━━━━━ DATA IN THIS EXERCISE

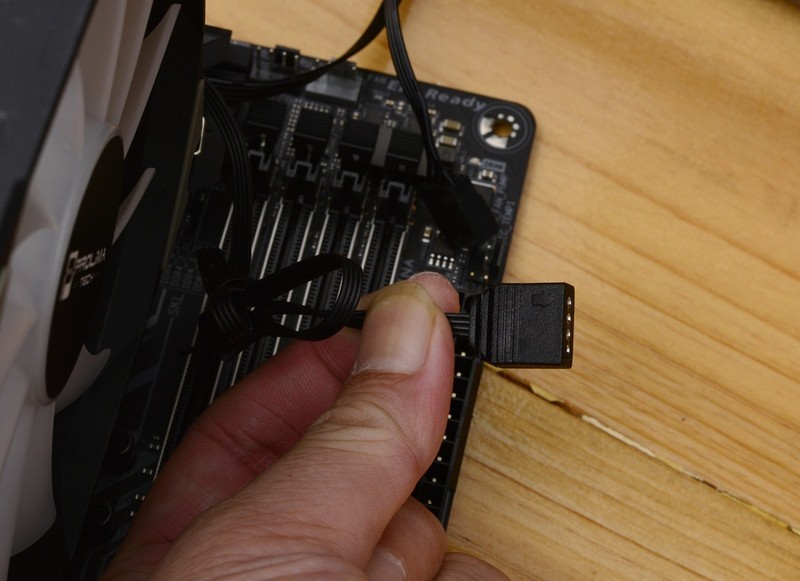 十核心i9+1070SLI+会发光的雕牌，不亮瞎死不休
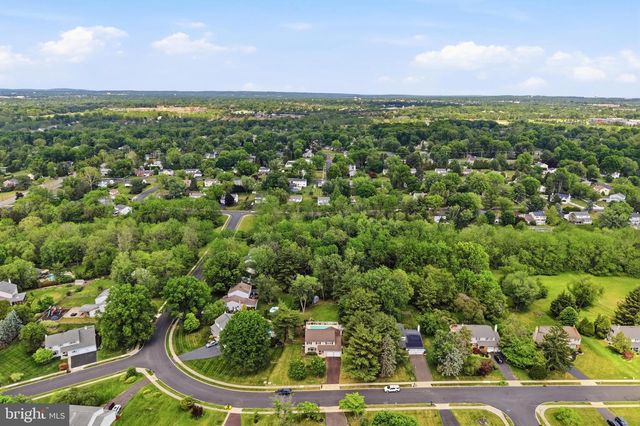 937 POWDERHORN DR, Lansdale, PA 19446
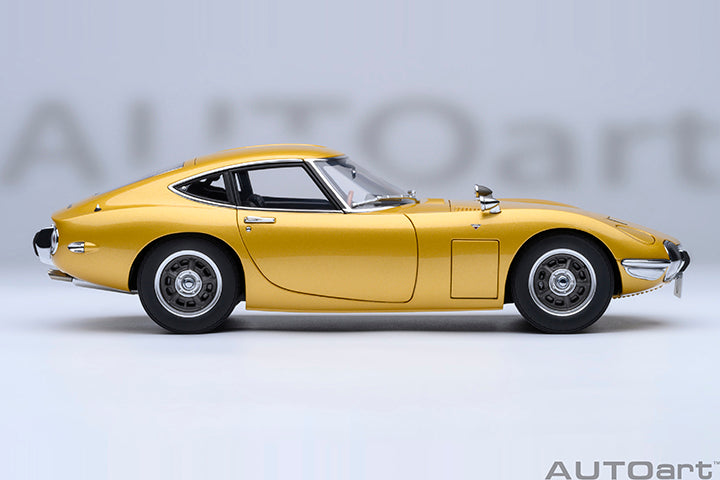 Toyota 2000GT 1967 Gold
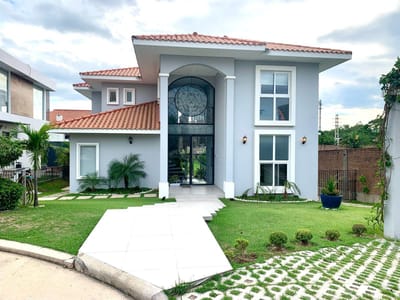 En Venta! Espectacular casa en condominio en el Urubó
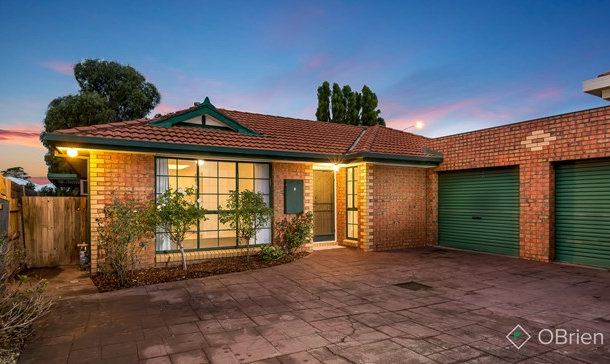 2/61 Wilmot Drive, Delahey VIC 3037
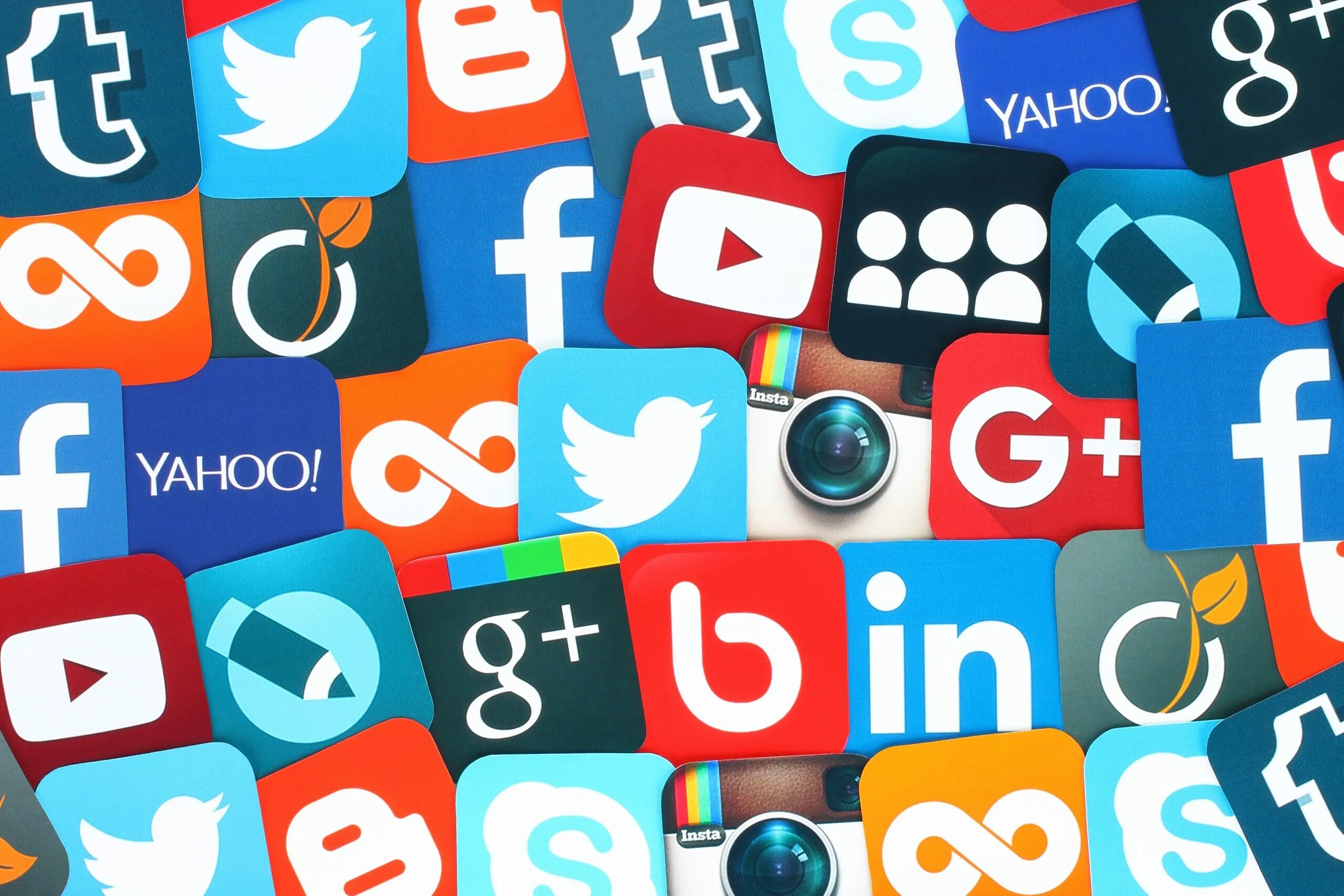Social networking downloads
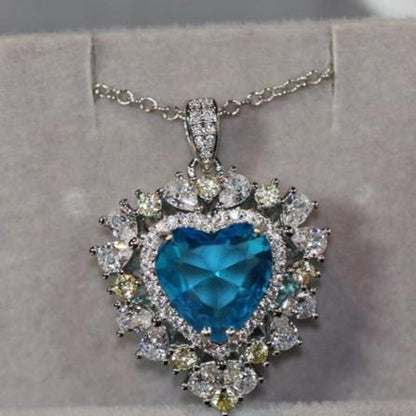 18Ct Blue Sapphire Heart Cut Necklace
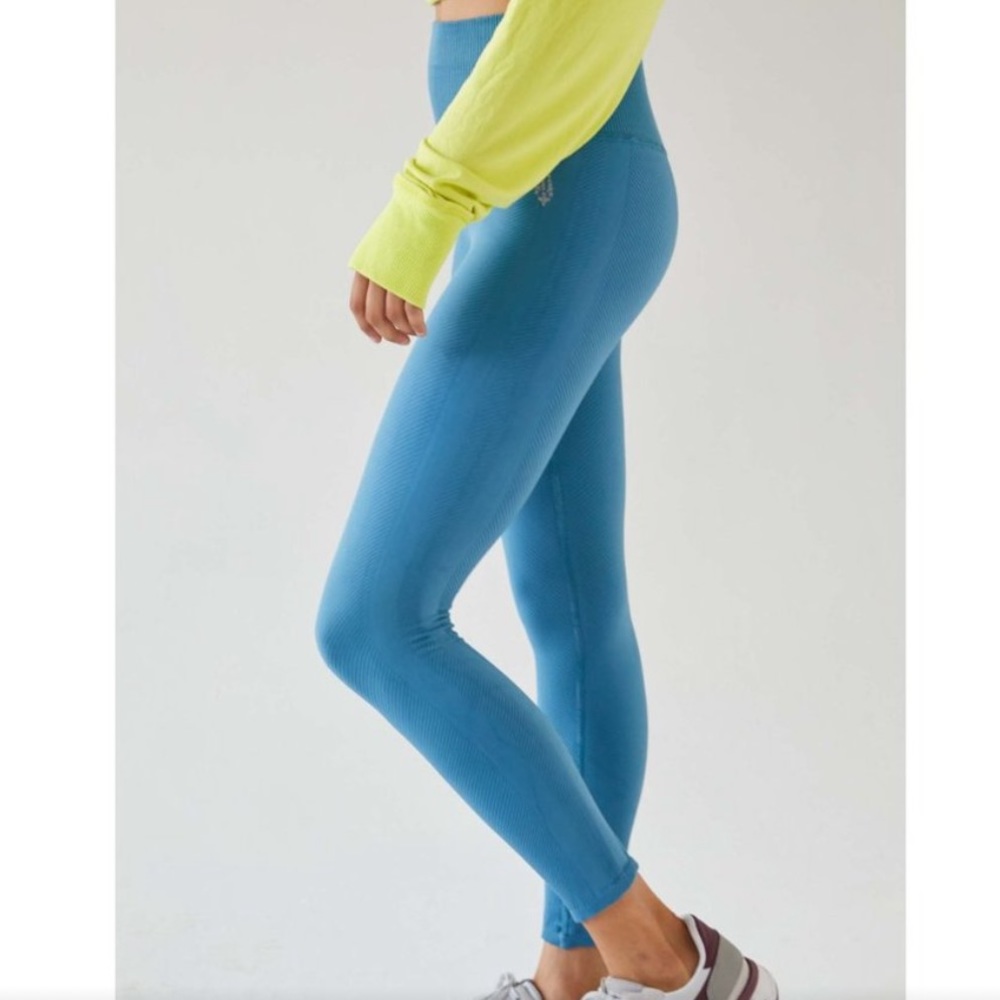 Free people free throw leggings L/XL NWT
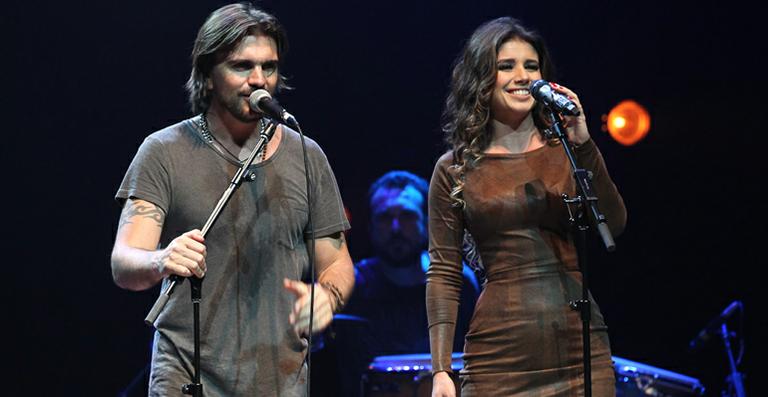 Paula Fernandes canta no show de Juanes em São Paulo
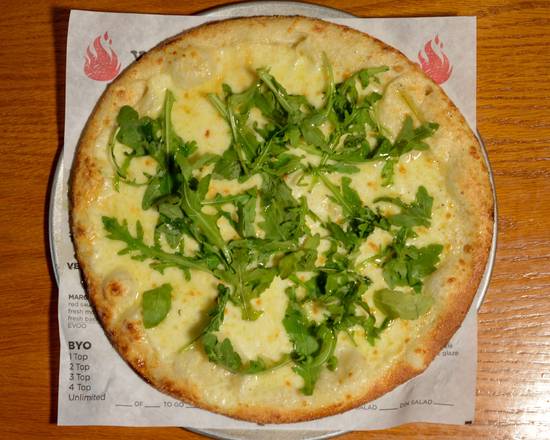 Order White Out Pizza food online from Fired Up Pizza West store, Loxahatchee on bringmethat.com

━━━━━━━━━━

- [DIRECTIONS FOR THIS TASK] Reproduce only the lines between the line with "Toyota 2000GT 1967 Gold" and the final line of the records, both included, so that the copy matches them exactly and contains no pictures.

- [RESPONSE]
 Toyota 2000GT 1967 Gold
 En Venta! Espectacular casa en condominio en el Urubó
 2/61 Wilmot Drive, Delahey VIC 3037
Social networking downloads
 18Ct Blue Sapphire Heart Cut Necklace
 Free people free throw leggings L/XL NWT
 Paula Fernandes canta no show de Juanes em São Paulo
 Order White Out Pizza food online from Fired Up Pizza West store, Loxahatchee on bringmethat.com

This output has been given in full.